### The task
Word for word, reproduce each line of the data below, omitting every image.

### Information supplied
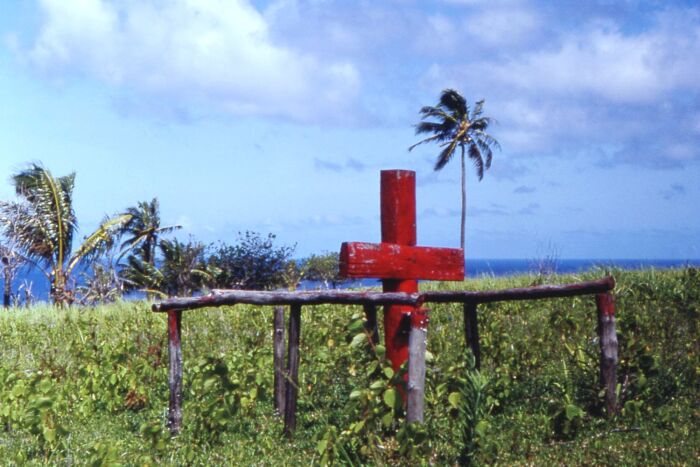 Cruz ceremonial del culto de carga John Frum, isla Tanna, Nuevas Hbridas (ahora Vanuatu), 1967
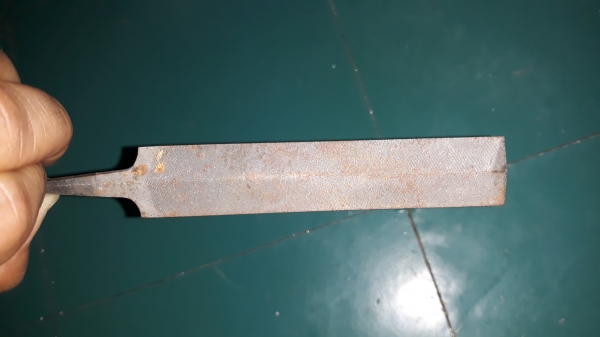 ขายตะไบขนนก MADE IN JAPAN. ใหม่เก่าเก็บมีสนิมผิว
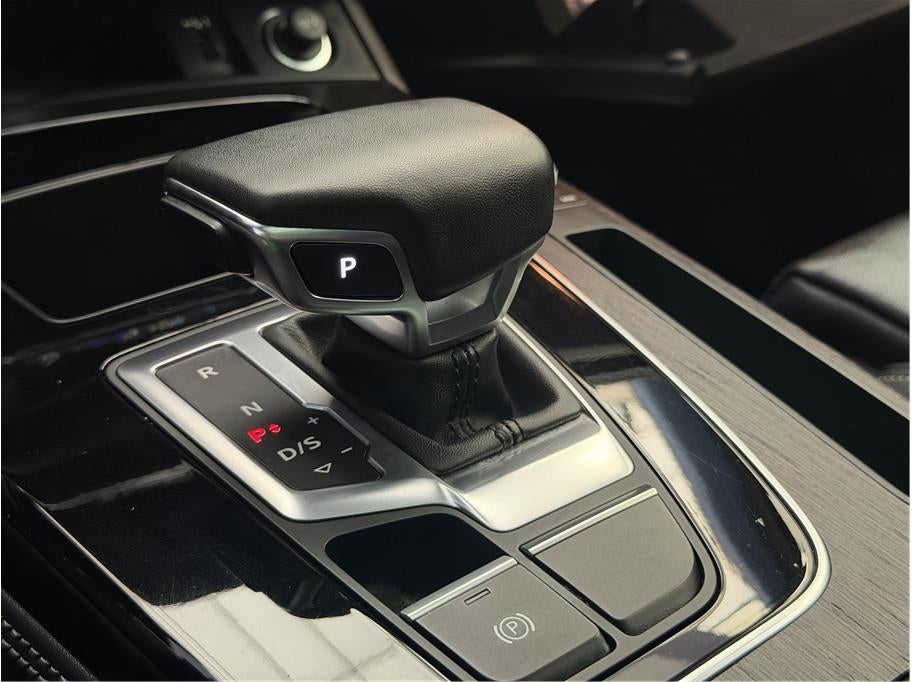 2024 Audi Q5 45 TFSI S line Premium Plus Sport Utility 4D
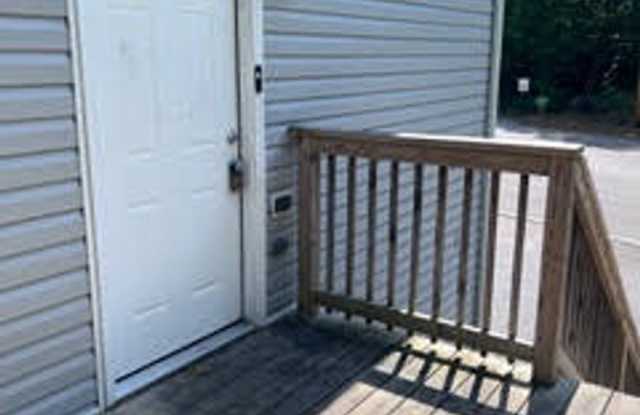 Maryville 37803 - 2 bedroom 1.5 bath apartment- call Kathy Leveille 865-556-0370 - 4703 Wildwood Road, Wildwood, TN 37804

### Answer for the task
 Cruz ceremonial del culto de carga John Frum, isla Tanna, Nuevas Hbridas (ahora Vanuatu), 1967
 ขายตะไบขนนก MADE IN JAPAN. ใหม่เก่าเก็บมีสนิมผิว
 2024 Audi Q5 45 TFSI S line Premium Plus Sport Utility 4D
 Maryville 37803 - 2 bedroom 1.5 bath apartment- call Kathy Leveille 865-556-0370 - 4703 Wildwood Road, Wildwood, TN 37804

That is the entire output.